Action item: The stretch from the line with "质量管理在施工项目中的应用-毕业论文.docx" through the line with "خودشکوفایی در هرم مازلو" in the records below: write it out exactly, and nothing else.

Records to use:
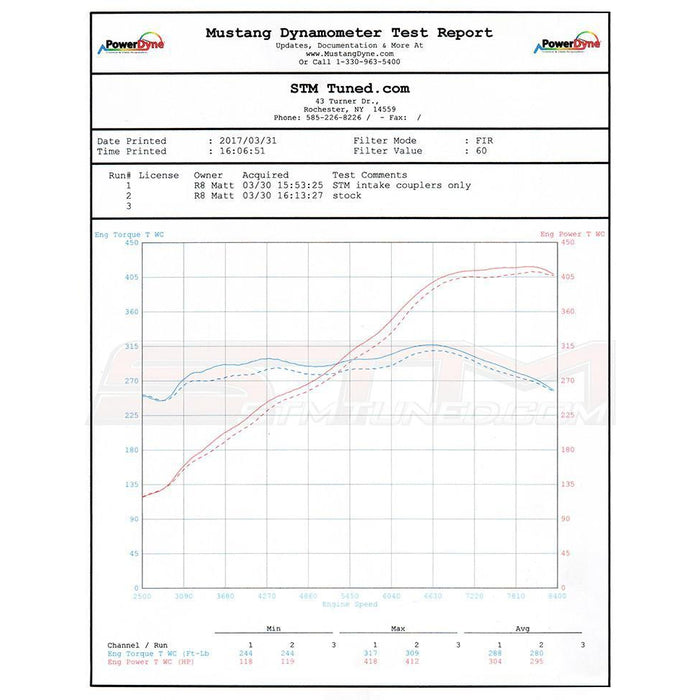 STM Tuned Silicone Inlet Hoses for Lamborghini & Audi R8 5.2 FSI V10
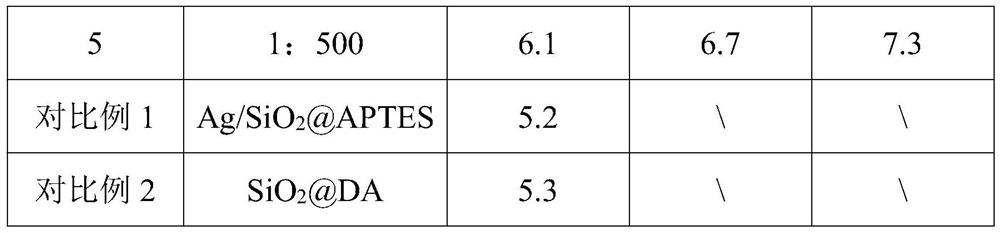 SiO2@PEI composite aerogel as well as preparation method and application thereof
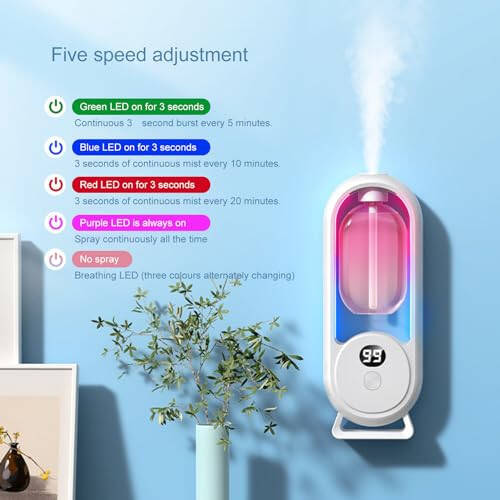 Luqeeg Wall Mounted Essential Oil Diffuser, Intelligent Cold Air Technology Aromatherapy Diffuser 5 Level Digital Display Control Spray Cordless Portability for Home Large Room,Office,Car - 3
--
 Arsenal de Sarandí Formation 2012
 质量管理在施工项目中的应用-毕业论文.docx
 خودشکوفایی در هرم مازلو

The completed task:
 质量管理在施工项目中的应用-毕业论文.docx
 خودشکوفایی در هرم مازلو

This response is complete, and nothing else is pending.